It seems in the world of software there is a constant battle between software personnel and security personnel. When new features roll out making life better for developers, security often has a need to lock them down making it more difficult again. This is true for being able to experiment with new operating systems. Features like virtualization has made life easier, but the need for encryption has made it harder again. In Windows, starting with version 7, it is possible to boot using a virtual hard disk (VHD), an entire hard disk inside of one file. This method allows for the operating system to run run directly on the bare metal of the computer, thereby offering greater compatibility with devices, since there are no extra virtualization layers. To use this feature with Windows 7, in general, the VHD needs to be located on an internal, unencrypted disk.

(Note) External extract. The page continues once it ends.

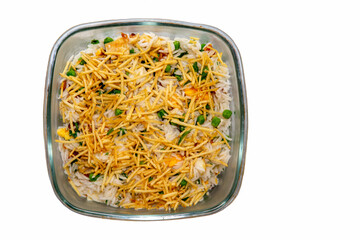 Biro-biro rice is a typical Brazilian dish to accompany or as a main course. Parsley, potato sticks, peas, egg, and bacon. Isolated in top view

In many enterprises whole disk encryption is in use to protect data from being vulnerable if a device is lost or stolen. BitLocker Drive Encryption is one of the software packages that enables this functionality. However, once it is turned booting from a VHD is not possible if the file resides on the operating system's partition because it will be encrypted. Fortunately there is a possible workaround, depending on the state of your current hard drive. If you have some significant free space and some patience you can get this feature working by repartitioning your hard drive. The following steps show what I needed to do to get it working on my machine, which had not yet been prepped for BitLocker, so your mileage may vary.
- Open a command prompt as an Admin
- Type "diskpart"
- Type "list disk"
- Type "select disk [x]", where [x] is the number (column ###) of your disk
- Type "list partition"
- Type "select partition [x]" where [x] is the number (column ###) of your OS partition
- Type "shrink querymax"
If the available reclaimable bytes are less than what you need then you can try some methods to increase that space, then repeat the steps above. You can also try these steps by opening a command prompt in Windows Setup and Recovery as there won't be any files in use that way.
Otherwise, for the risk adverse, now is the time to consider backing up your hard drive and/or continue on
- Type "shrink desired=[x]" where [x] is the size of the amount you want to shrink
At this point I needed to prep my drive for BitLocker. If you already have BitLocker installed you could also use the diskpart "extend" command to expand your current system partition instead of the steps below. This can be a bit trickier depending on how your partitions were originally created on your hard disk, since the space needed for the system partition needs to be contiguous. If you need to prep your drive for BitLocker perform the following steps, continuing from above.
- Type "create partition primary"
- Type "active"
- Type "assign letter=S"
- Type "format fs=ntfs quick"
- Type "exit"
- Type "bcdboot C:\windows /s S:"
- Type "shutdown /r
Perform all steps necessary to enable BitLocker Add VHDs to your S: drive and configure as necessary (These files will NOT be encrypted, so you don't want to put anything on it that could potentially damage you or some other entity should the computer be lost or stolen).